---- SUPPLIED ENTRIES

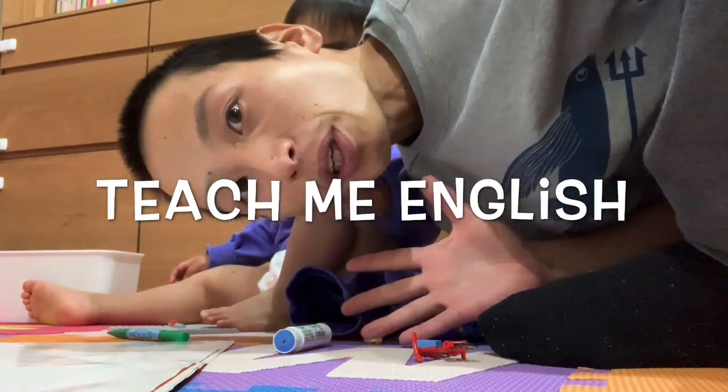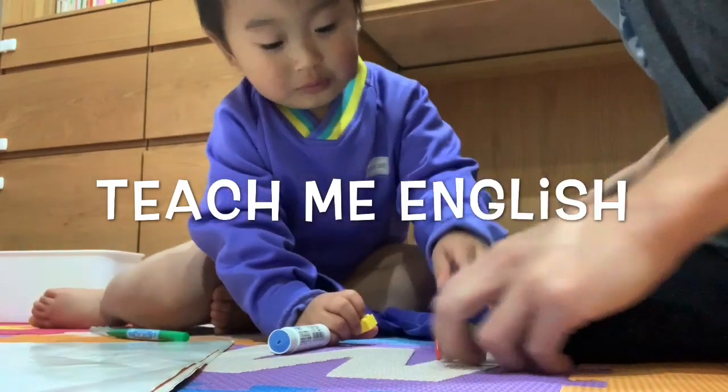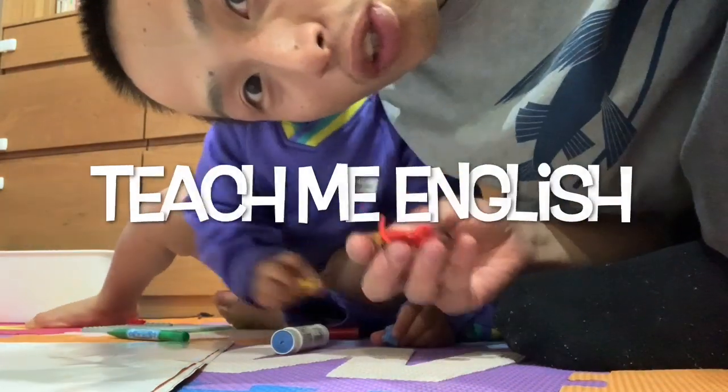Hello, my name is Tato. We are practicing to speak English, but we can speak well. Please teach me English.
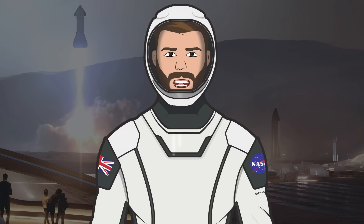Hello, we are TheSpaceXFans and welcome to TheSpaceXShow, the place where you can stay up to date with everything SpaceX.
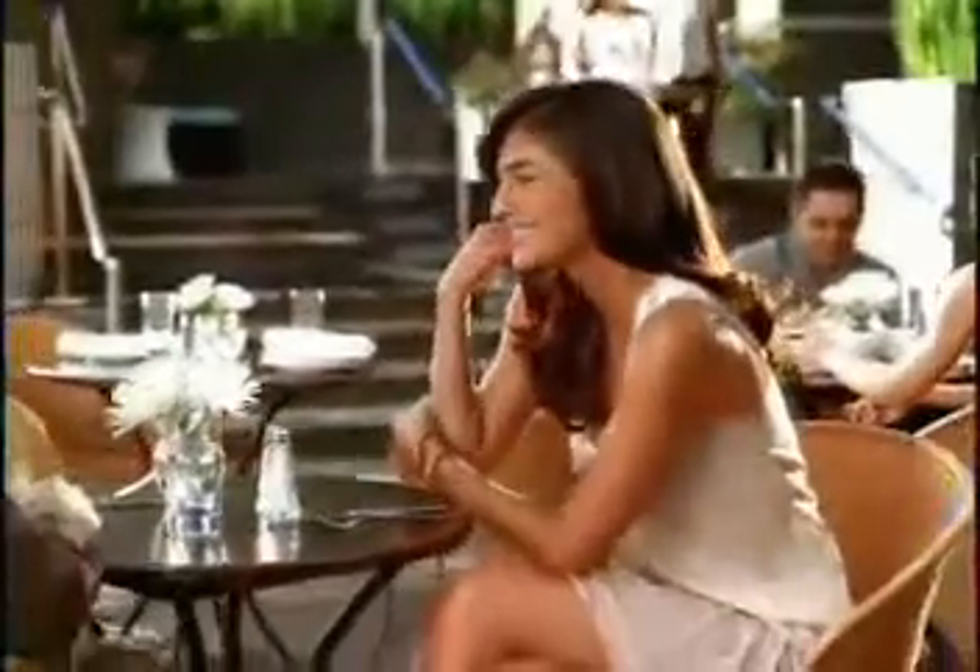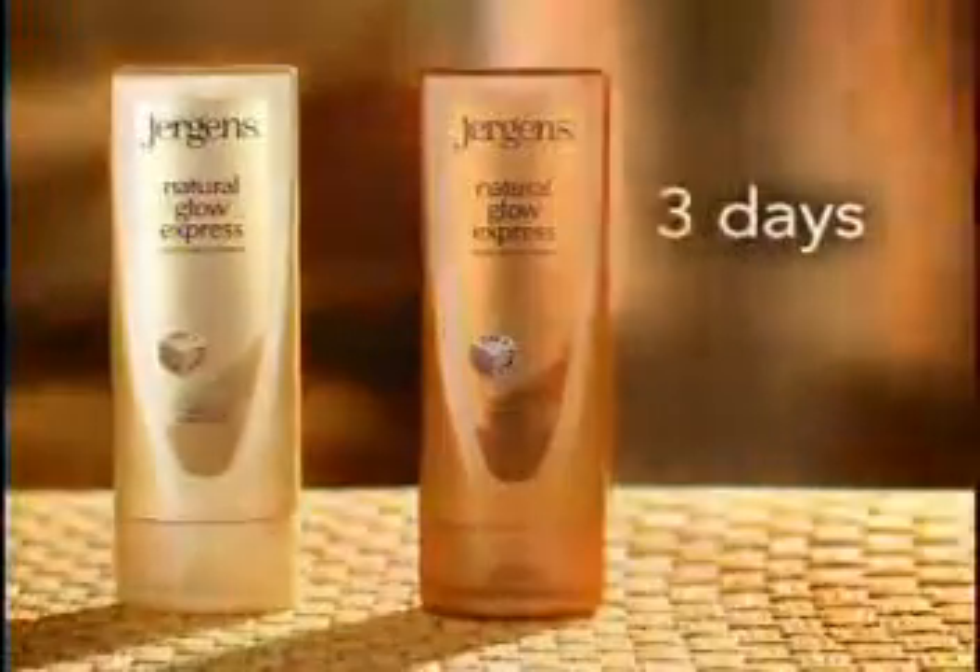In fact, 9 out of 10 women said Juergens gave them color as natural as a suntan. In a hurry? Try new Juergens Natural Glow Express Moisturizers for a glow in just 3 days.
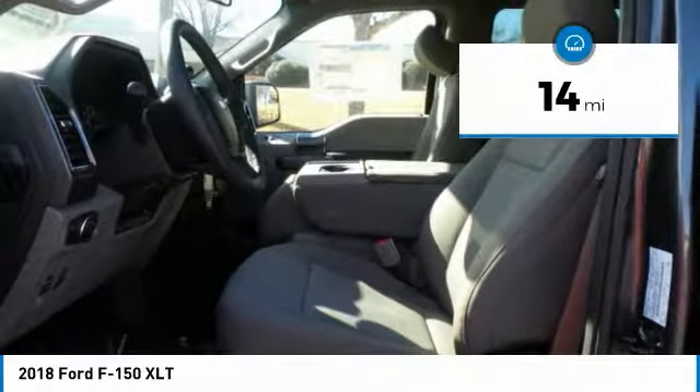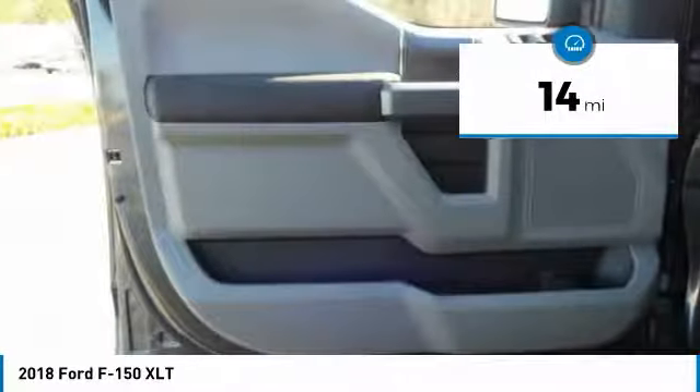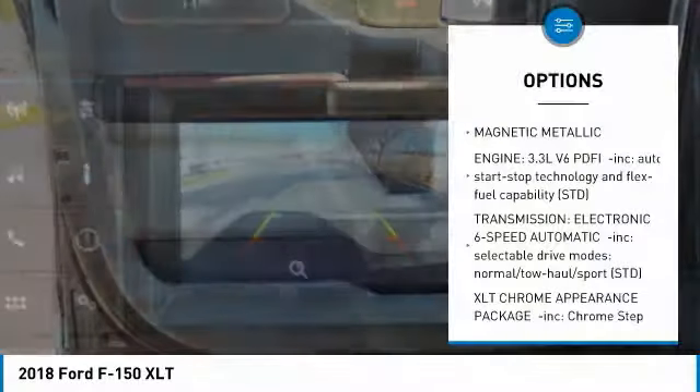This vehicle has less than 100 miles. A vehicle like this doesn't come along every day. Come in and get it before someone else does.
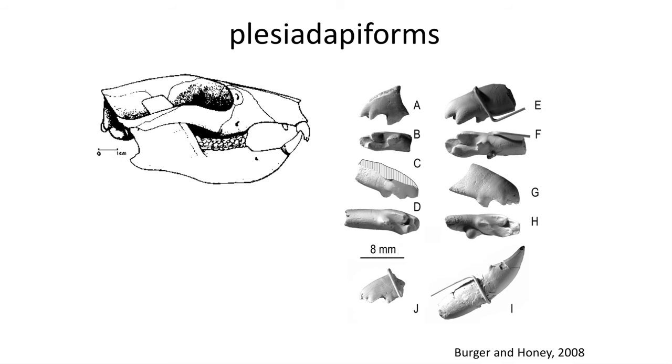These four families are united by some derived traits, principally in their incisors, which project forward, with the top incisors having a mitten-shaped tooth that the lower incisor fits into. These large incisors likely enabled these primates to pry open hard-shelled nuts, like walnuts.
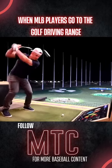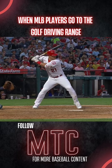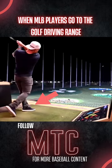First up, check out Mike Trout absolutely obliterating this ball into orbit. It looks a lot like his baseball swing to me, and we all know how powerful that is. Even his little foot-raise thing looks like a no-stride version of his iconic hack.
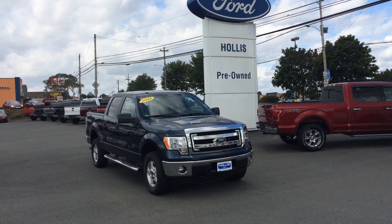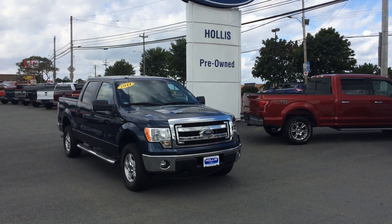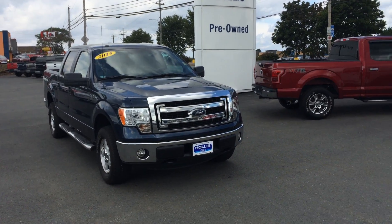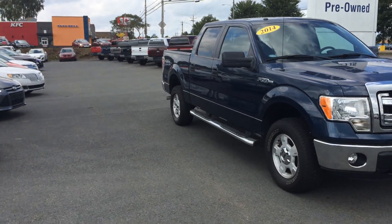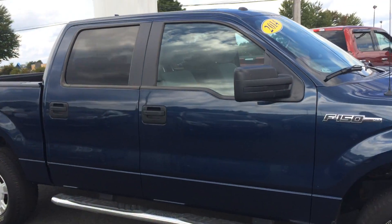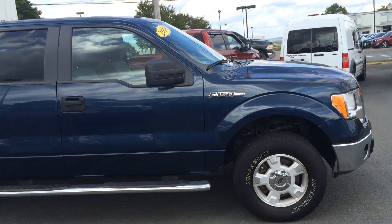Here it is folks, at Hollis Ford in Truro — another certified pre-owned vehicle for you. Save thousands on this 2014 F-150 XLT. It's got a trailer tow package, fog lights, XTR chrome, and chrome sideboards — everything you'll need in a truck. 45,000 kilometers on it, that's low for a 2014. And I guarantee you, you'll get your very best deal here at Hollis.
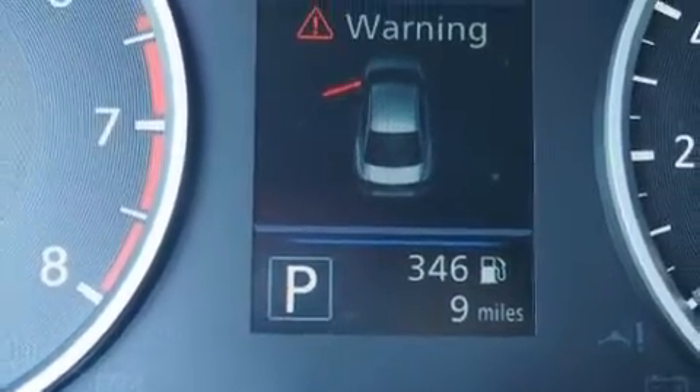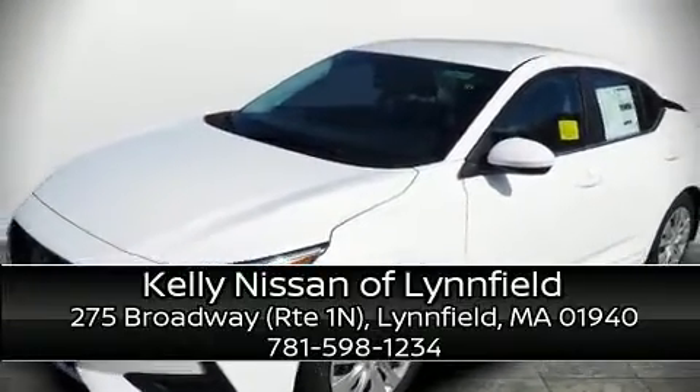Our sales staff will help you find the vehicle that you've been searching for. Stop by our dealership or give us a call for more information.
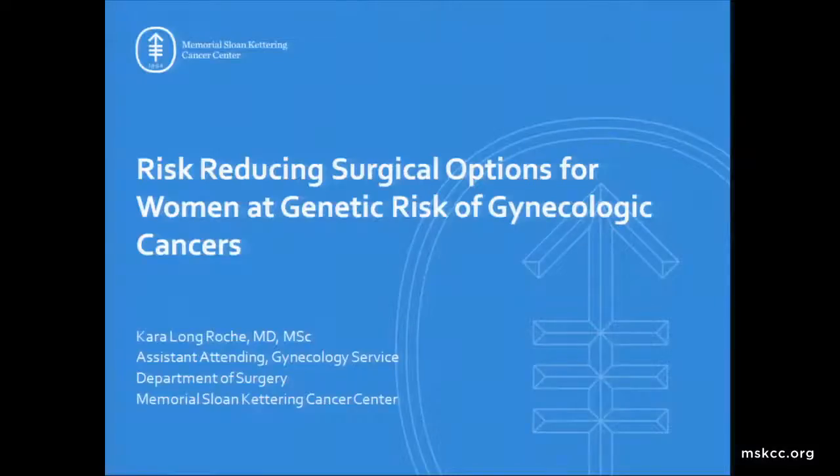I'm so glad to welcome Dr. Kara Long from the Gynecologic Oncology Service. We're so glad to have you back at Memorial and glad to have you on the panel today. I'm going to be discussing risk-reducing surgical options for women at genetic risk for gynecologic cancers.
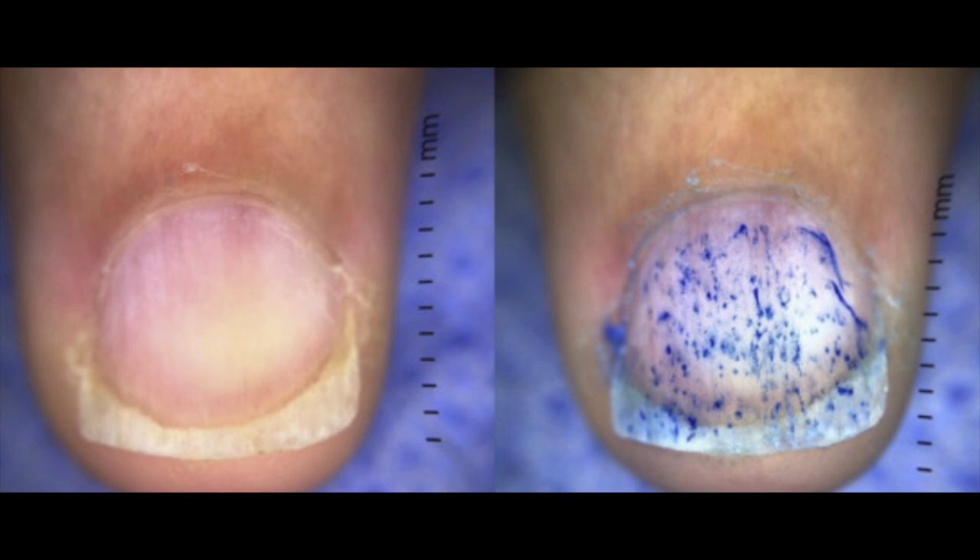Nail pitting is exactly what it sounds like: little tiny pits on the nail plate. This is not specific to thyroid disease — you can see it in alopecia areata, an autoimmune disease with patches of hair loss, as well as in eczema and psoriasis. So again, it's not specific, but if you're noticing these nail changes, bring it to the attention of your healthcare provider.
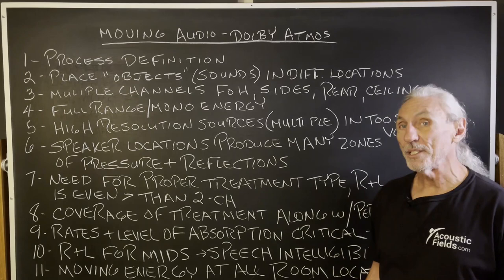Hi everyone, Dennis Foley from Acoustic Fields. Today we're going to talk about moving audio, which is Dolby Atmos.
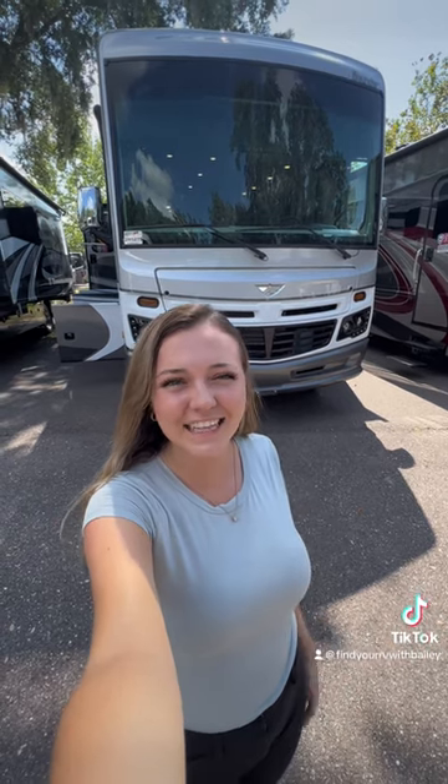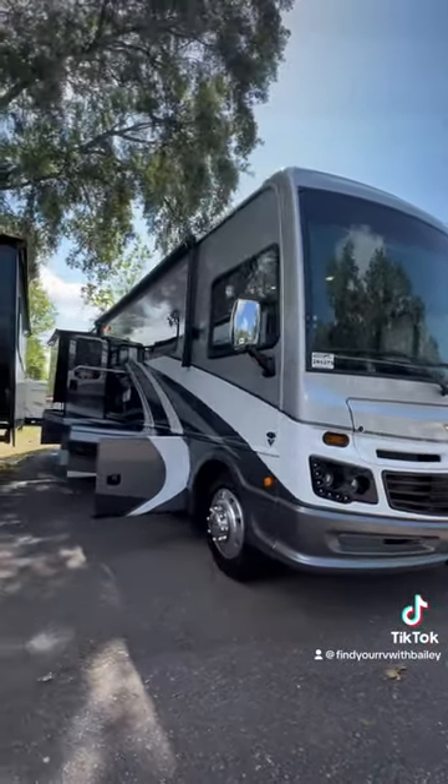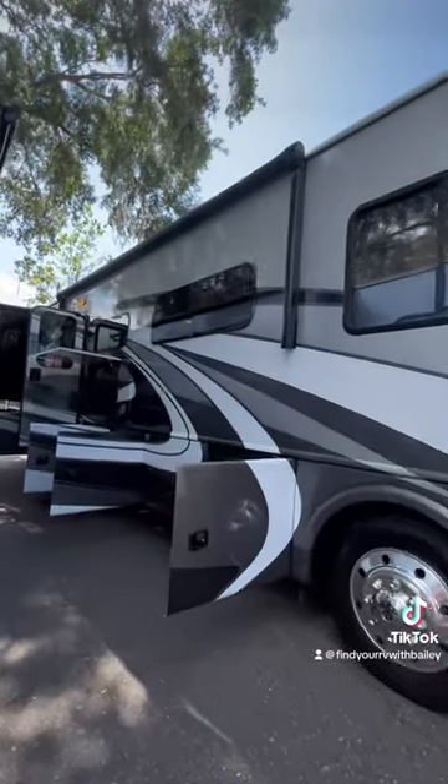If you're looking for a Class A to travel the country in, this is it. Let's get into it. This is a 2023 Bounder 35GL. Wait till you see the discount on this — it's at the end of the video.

--------

PROBLEM REQUIREMENTS
The reply should consist only of the lines from the top of the material above through the line with "Hello, we are", printed exactly, pictures omitted.

RESULT OF THIS EXERCISE
Hello, my name is Tato. We are practicing to speak English, but we can speak well. Please teach me English.
Hello, we are TheSpaceXFans and welcome to TheSpaceXShow, the place where you can stay up to date with everything SpaceX.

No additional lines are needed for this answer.